I got kicked right in the feels last week at my school festival. The opening performance by our choir was a song from Rent – Seasons of Love. Well, I’ve never seen Rent before, but this song nearly knocked me on my ass with emotion: My time in Korea is coming to an end.
I have less than sixty days left in the place I have called home for almost a year. I have made unforgettable friendships; worked with incredible, intelligent, and inspiring students; visited new countries; and experienced an entirely new culture – for better or for worse. And just like that, it’s all about to come to an end.
I struggled saying goodbye to my life in Ontario, but this is a different kind of goodbye – one that feels permanent. It is very likely that I may never return to Korea. It is very likely that I will never see a single one of my students again. It is also very likely that I may never see some of the wonderful people I have met here, ever again. I’m left feeling torn between the excitement of the adventures to come and the sadness of leaving something so special behind.

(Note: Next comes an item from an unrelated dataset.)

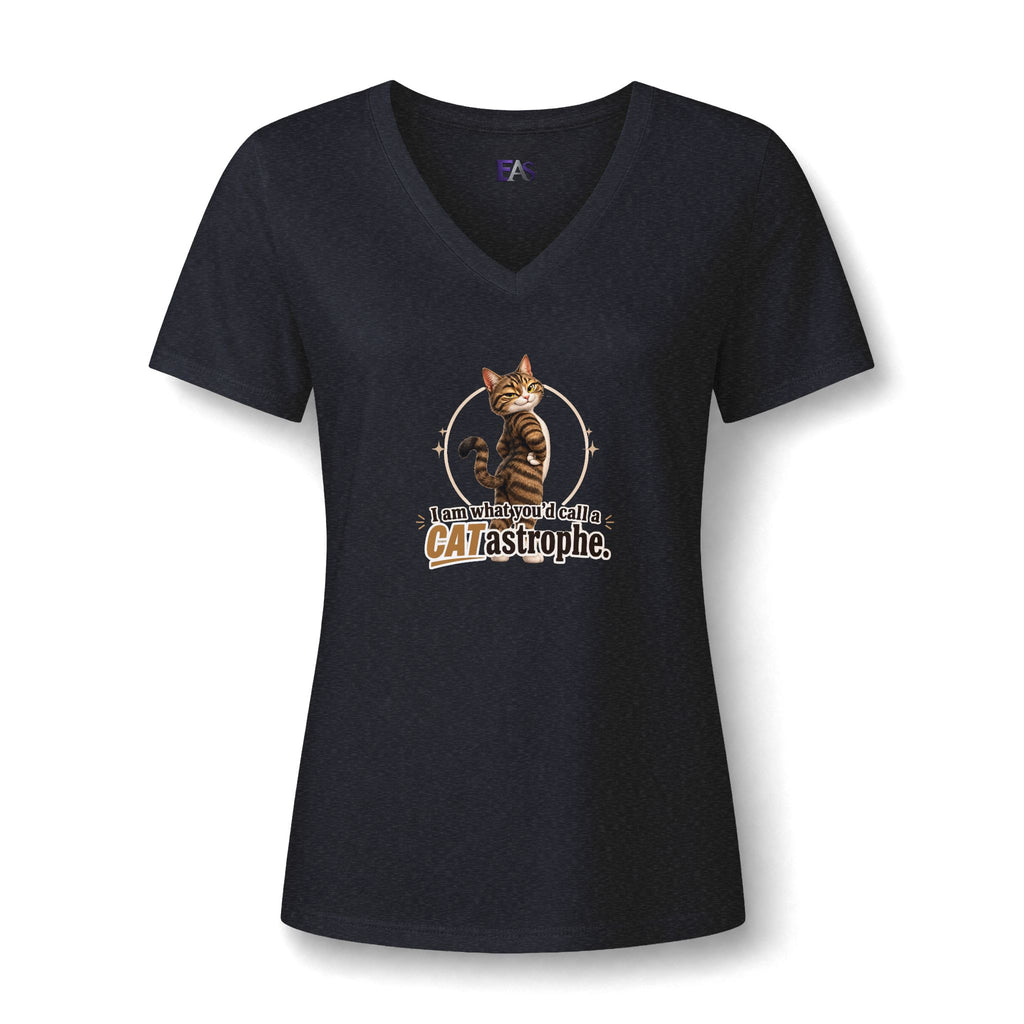 CATastrophe Women’s Relaxed V-Neck T-Shirt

Choosing to come to Korea was a relatively spontaneous decision – as many of my adventurous ideas are. I decided on a Thursday afternoon, on a whim, that I wanted to move to a new country – and a few months later I was selling my belongings, quitting my job, and giving notice on my apartment. I can’t imagine where my life would be today had I not made that spontaneous decision. I am excited for what’s to come, and I know I will look back on my time here fondly in the years to come. Time to go watch Rent for the first time, and have a good cry ㅠㅠ.